Exercise brief: In the listing below, find the line that contains "image for page" and the line that contains "Antoine Griezmann 2024". Quote both and every line between them, exactly, and nothing more.

Entries supplied:
-.-.-

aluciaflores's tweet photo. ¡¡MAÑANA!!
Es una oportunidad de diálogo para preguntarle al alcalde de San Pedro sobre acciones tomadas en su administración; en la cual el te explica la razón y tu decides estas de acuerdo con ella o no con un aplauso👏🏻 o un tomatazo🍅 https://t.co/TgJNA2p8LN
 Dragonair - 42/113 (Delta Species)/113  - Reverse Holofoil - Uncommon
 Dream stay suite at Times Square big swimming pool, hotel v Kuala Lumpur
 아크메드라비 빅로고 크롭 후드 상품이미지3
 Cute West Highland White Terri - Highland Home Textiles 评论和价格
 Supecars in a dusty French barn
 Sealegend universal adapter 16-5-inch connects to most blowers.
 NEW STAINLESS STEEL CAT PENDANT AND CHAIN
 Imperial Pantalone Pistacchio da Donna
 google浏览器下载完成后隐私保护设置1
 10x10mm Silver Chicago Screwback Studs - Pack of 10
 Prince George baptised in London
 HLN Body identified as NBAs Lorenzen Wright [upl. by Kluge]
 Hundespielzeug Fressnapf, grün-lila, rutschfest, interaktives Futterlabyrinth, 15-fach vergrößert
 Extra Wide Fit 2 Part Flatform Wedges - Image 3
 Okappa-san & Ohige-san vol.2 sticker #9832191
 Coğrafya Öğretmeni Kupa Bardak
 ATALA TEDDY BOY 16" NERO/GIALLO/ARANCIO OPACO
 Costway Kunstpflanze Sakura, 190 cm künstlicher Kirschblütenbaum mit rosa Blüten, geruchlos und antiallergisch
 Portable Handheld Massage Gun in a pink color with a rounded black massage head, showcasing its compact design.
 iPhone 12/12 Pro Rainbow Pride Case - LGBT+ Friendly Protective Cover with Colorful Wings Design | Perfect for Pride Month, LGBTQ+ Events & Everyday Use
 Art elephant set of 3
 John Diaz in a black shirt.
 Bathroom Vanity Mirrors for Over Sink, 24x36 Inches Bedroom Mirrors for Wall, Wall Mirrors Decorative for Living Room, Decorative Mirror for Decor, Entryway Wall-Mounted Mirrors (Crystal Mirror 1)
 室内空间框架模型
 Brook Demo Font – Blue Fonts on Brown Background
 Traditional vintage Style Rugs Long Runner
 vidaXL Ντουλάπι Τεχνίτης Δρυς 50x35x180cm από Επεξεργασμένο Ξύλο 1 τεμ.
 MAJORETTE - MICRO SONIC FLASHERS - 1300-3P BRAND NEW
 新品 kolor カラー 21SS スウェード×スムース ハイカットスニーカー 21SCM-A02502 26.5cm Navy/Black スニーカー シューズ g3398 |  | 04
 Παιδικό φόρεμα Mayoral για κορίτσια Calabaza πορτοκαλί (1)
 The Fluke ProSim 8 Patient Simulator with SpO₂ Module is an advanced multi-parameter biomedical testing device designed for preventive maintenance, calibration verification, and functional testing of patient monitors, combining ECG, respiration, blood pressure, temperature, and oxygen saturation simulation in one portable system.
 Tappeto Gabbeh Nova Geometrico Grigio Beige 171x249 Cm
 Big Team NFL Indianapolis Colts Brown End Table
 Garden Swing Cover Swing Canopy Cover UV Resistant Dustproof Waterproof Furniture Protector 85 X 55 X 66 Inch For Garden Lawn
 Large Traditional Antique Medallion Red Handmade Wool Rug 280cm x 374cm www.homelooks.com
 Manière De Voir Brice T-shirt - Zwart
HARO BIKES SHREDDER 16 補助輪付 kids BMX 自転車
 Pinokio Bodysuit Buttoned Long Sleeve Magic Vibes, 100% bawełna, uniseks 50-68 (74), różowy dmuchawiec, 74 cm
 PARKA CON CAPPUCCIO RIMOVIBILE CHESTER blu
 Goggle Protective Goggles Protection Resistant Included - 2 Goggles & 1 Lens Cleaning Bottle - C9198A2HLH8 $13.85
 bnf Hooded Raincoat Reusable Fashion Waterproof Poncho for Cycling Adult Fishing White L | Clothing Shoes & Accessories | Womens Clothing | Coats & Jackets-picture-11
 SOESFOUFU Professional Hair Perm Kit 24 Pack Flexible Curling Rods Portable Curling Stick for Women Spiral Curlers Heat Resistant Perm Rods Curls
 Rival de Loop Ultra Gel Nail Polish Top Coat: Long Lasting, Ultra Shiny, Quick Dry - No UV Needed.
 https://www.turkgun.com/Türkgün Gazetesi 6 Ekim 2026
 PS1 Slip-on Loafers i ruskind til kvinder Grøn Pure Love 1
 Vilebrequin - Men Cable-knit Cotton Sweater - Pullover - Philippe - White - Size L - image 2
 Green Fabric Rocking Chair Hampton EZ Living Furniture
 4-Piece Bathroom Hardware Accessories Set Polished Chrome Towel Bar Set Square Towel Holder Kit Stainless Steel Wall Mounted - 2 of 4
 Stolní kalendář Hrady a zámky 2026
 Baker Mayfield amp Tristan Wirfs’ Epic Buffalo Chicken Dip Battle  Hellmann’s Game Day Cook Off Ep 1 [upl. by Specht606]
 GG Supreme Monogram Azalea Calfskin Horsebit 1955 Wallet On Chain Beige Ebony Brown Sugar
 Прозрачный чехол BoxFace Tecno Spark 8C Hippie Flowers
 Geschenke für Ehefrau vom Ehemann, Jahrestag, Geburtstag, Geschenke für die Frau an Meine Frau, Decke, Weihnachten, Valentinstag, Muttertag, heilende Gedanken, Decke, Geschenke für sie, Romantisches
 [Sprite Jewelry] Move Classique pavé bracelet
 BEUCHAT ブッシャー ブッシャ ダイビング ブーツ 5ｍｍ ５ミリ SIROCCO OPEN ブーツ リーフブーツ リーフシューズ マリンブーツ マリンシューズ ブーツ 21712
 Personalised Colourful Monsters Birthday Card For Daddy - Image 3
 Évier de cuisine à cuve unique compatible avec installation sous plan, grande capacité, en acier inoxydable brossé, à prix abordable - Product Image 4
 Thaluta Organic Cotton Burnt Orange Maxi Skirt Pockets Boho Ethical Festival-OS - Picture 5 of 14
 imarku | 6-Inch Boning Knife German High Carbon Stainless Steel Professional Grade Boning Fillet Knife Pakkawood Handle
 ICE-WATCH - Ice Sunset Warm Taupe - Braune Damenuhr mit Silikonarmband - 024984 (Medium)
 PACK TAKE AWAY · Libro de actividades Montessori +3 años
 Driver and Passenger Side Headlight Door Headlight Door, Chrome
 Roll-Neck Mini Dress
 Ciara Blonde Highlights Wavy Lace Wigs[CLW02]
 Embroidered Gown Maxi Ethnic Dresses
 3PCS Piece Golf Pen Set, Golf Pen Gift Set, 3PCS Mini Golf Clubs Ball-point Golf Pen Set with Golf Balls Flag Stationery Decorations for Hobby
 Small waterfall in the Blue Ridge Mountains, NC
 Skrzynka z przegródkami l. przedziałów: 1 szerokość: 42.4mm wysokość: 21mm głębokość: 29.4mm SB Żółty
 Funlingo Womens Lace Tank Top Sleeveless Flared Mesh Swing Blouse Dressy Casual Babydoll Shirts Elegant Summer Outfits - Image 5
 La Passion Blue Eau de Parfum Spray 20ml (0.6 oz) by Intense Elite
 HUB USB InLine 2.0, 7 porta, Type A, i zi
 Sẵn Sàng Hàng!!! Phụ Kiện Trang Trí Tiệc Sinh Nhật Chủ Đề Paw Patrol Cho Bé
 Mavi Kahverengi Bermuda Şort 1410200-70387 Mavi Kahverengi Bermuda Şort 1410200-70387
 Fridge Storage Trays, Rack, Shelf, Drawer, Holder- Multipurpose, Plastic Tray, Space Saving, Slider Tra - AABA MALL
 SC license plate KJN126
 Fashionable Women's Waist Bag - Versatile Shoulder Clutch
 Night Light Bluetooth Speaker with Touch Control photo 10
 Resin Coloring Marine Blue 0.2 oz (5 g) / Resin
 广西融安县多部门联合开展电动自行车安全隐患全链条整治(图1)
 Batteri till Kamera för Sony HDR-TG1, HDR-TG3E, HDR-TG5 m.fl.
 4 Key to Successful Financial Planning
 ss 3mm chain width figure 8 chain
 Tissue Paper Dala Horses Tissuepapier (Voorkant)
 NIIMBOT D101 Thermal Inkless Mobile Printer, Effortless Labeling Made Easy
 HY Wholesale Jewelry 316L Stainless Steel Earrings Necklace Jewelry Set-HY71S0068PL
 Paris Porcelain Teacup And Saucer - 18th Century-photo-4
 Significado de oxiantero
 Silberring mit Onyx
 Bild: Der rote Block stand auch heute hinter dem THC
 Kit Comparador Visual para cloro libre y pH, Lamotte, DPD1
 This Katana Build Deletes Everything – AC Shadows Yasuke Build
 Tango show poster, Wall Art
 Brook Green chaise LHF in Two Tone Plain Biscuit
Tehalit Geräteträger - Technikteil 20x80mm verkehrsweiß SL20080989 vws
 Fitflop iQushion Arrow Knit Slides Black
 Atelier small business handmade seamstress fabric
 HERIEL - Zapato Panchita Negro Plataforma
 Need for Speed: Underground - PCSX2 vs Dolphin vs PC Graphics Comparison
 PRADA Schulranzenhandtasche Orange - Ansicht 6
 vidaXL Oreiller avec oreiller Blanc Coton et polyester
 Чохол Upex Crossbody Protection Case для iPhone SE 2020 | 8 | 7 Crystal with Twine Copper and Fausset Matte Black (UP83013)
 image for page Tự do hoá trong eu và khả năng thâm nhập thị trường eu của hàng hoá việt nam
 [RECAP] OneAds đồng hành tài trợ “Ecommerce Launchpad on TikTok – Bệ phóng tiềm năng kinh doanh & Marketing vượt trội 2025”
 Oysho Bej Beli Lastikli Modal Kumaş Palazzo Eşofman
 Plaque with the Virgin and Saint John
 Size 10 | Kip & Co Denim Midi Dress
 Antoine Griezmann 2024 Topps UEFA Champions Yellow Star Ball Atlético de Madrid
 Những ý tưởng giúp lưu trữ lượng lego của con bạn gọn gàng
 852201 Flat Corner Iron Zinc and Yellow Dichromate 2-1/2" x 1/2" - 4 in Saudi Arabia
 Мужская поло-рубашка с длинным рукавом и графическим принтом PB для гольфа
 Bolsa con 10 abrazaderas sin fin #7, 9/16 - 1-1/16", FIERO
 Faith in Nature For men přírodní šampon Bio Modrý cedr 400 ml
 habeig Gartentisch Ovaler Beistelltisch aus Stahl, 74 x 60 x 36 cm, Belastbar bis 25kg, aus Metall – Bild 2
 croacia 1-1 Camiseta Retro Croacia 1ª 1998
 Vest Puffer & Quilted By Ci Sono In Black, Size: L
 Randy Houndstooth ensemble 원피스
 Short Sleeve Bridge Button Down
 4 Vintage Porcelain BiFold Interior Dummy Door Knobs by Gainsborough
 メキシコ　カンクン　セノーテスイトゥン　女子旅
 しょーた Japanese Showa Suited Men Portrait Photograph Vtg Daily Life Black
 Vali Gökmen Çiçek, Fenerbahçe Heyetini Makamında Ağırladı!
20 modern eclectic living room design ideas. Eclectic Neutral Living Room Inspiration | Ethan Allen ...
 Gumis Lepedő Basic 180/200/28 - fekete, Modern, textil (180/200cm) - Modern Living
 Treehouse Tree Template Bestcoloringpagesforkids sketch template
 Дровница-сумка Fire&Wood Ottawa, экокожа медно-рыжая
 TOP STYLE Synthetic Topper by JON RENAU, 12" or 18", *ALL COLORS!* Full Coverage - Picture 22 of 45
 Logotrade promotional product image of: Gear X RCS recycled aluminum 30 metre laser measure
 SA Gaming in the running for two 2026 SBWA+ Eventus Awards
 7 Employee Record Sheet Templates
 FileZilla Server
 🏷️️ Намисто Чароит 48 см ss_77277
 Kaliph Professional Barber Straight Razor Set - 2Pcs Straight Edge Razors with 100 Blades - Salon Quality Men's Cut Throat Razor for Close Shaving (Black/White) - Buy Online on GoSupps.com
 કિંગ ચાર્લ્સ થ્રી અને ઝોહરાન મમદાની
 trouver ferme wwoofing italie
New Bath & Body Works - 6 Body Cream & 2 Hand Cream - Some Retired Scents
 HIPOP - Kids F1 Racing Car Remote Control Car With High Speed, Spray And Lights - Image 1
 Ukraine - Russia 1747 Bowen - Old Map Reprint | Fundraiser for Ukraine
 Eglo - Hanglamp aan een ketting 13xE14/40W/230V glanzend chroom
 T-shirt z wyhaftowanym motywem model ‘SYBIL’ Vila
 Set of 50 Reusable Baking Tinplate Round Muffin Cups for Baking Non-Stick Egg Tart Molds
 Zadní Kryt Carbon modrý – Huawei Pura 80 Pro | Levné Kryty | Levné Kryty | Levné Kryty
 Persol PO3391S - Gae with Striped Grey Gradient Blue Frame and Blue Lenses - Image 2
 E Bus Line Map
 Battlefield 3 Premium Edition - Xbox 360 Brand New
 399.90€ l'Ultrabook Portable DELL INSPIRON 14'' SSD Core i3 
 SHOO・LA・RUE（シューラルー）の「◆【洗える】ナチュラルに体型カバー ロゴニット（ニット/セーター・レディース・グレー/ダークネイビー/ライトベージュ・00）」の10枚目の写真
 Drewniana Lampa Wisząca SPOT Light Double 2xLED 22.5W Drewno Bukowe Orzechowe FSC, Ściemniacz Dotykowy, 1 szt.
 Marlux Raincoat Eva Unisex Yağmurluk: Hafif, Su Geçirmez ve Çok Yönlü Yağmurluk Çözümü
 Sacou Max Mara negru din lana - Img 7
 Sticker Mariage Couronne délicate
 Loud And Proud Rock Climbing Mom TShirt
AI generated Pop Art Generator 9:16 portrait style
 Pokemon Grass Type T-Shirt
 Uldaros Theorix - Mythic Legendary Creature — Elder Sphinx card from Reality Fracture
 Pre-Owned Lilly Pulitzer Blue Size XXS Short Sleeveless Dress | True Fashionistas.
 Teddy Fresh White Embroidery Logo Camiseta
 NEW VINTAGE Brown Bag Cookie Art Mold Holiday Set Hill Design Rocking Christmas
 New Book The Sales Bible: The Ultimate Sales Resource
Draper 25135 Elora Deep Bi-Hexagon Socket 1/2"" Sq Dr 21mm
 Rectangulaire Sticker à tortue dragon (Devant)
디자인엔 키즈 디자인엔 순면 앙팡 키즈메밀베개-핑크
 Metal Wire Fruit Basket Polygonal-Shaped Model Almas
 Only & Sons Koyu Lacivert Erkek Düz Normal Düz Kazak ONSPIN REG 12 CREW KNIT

-.-.-

Answer box:
 image for page Tự do hoá trong eu và khả năng thâm nhập thị trường eu của hàng hoá việt nam
 [RECAP] OneAds đồng hành tài trợ “Ecommerce Launchpad on TikTok – Bệ phóng tiềm năng kinh doanh & Marketing vượt trội 2025”
 Oysho Bej Beli Lastikli Modal Kumaş Palazzo Eşofman
 Plaque with the Virgin and Saint John
 Size 10 | Kip & Co Denim Midi Dress
 Antoine Griezmann 2024 Topps UEFA Champions Yellow Star Ball Atlético de Madrid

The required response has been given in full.